Quickstart¶
The shortest real path: two schema-aligned tables, the default stack, one call. This example runs today — we’ll build it up a few lines at a time, then show the complete script.
Step 1 — Imports¶
import pandas as pd
from denselinkage import DenseLinker, LabeledPairs, Source
from denselinkage.metrics import linkage_metrics
Everything you need for a basic run comes from the package root
(the prelude) plus the metrics module. You only reach into
submodules when you swap components — see Choosing components.
Step 2 — The two tables¶
df_a = pd.DataFrame({
"id": ["A1", "A2", "A3"],
"name": ["Apple Inc", "Microsoft Corp", "Google LLC"],
"city": ["Cupertino", "Redmond", "Mountain View"],
})
df_b = pd.DataFrame({
"id": ["B1", "B2", "B3"],
"name": ["Apple Incorporated", "Microsoft", "Google"],
"city": ["Cupertino", "Redmond", "Mountain View"],
})
Two ordinary DataFrames describing the same companies with surface differences
(Apple Inc vs Apple Incorporated, Microsoft Corp vs Microsoft). The
columns line up here, so no serializer template is needed — when they don’t,
each Source carries its own serializer and a
column_mapping (see Linking two tables).
Step 3 — Ground truth (optional)¶
gold = LabeledPairs.from_pairs([("A1", "B1"), ("A2", "B2"), ("A3", "B3")])
LabeledPairs is the known-correct matches.
It’s only used for scoring in Step 7 — linking itself needs no labels.

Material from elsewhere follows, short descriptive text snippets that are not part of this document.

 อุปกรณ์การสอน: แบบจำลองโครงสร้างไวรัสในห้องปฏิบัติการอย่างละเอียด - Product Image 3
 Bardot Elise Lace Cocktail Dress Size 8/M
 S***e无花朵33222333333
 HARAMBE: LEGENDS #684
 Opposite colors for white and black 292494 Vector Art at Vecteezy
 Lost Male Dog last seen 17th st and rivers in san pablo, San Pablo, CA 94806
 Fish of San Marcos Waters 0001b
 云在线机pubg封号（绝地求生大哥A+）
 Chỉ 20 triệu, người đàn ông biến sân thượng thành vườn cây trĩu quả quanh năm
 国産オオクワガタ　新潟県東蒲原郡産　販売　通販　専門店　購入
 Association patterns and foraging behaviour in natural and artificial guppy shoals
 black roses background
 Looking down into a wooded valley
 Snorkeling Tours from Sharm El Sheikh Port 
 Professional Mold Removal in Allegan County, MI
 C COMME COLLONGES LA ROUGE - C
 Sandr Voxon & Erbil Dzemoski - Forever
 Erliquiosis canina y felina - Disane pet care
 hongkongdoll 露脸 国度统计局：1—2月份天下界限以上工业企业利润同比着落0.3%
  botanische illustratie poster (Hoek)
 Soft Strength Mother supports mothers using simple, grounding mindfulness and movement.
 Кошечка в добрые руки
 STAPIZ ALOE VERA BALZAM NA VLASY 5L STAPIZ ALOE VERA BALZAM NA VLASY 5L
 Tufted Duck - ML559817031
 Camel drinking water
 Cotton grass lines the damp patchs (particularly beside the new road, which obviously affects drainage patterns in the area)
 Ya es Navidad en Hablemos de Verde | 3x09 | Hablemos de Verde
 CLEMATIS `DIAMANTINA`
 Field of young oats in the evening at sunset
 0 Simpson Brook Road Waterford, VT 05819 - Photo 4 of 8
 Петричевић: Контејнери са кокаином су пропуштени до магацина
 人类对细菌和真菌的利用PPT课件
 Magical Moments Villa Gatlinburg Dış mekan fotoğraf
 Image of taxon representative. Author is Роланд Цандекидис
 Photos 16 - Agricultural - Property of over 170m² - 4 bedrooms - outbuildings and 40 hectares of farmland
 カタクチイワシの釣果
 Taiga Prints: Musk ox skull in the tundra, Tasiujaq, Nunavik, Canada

Step 4 — Configure the linker and wrap the inputs¶
linker = DenseLinker.with_defaults() # picks a sensible embedder + index + matcher
left = Source(df_a, id_column="id") # serializer=None -> whole-row default
right = Source(df_b, id_column="id")
DenseLinker.with_defaults() wires the
dependency-free reference stack (a HashedNGramEmbedder
and NumpyFlatIndex behind a
DenseBlocker, plus a
ThresholdMatcher). The linker is immutable
config — no data, nothing fitted. Each Source
binds a frame to its id column; the schema travels with the frame, not the
linker (the design-time / runtime split in Key concepts).
Step 5 — Link¶
result = linker.link(left, right) # -> LinkageResult
One call — no fit, no predict, no mutation of the linker or the inputs.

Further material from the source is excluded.